Policy Experts Agree: The U.S. System for Financing Long-Term Care is Crumbling
According to Forbes.com: "America’s system for financing long-term care is failing, and the window for creating a payment system that works is rapidly closing. That was the conclusion of a morning-long expert session sponsored last week by the SCAN Foundation.
While the participants differed on specific solutions, most agreed on four key issues:
- The existing system for funding paid long-term supports and services is built on a wobbly three-legged stool: low private savings, an underfunded Medicaid program, and a hobbled private long-term care insurance market.
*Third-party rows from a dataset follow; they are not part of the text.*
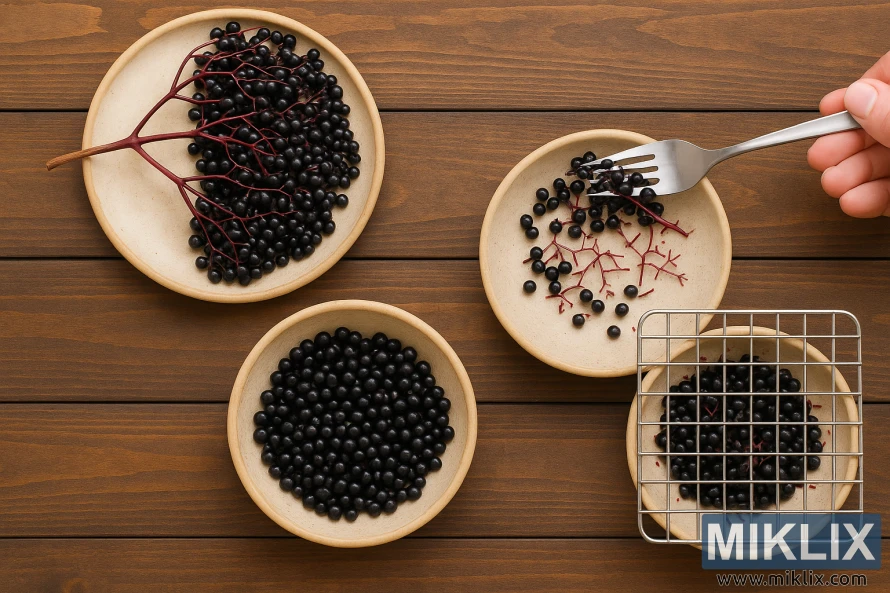 На деревянном столе показаны три способа отделения ягод бузины от стеблей: вручную, вилкой и через решетку. На деревянном столе показаны три способа отделения ягод бузины от стеблей: вручную, вилкой и через решетку.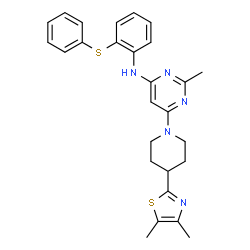 ChemSpider 2D Image | 6-[4-(4,5-Dimethyl-1,3-thiazol-2-yl)-1-piperidinyl]-2-methyl-N-[2-(phenylsulfanyl)phenyl]-4-pyrimidinamine | C27H29N5S2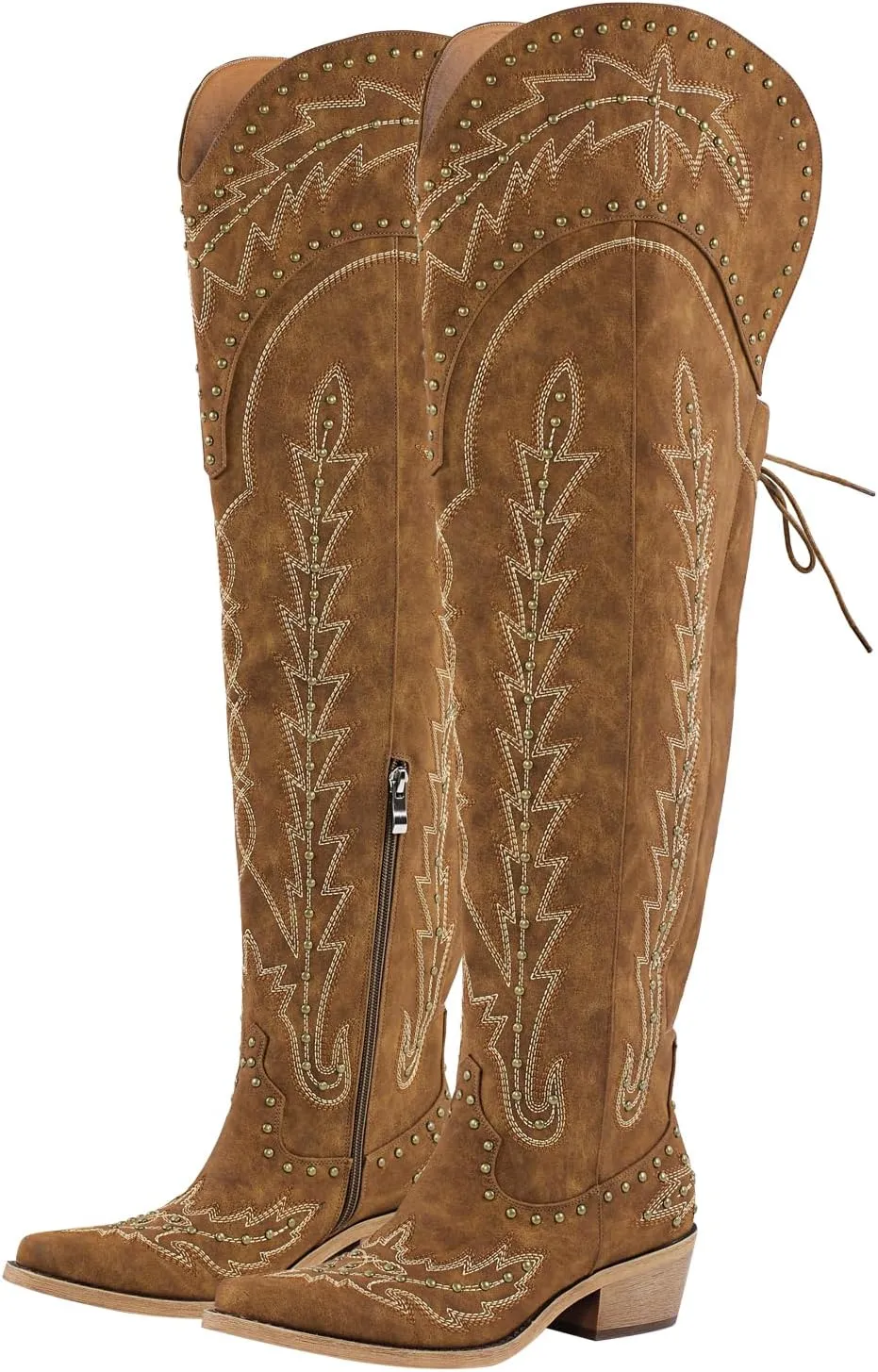 LISHAN Women's Western Cowboy Cowgirl Boots Thigh High Embroidered Block Heels Faux Leather Back Lace Up Shoes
- The solution must include an affordable way for Americans to prefund their long-term care costs. This could include tapping financial assets or home equity, or buying insurance (either government, private, or some combination of both). Low-income people would require some form of safety net protection.
- Any future system should finance high-quality long-term supports and services that are well-integrated with medical care. This is especially important since recipients of care services suffer from chronic disease or injury that often requires complex medical interventions.
- There is currently no political consensus on how to do any of this."
To view the full article, go to: http://www.forbes.com/sites/howardgleckman/2013/03/27/policy-experts-agree-the-u-s-system-for-financing-long-term-care-is-crumbling/
The "three-legged stool" analogy mentioned above ignores a forth option: Asset Protection Planning.
If you do not have enough money to pay for long term care, and if you cannot afford or qualify for long term care insurance, then protecting the assets you do have from long term care expenses may be your best plan.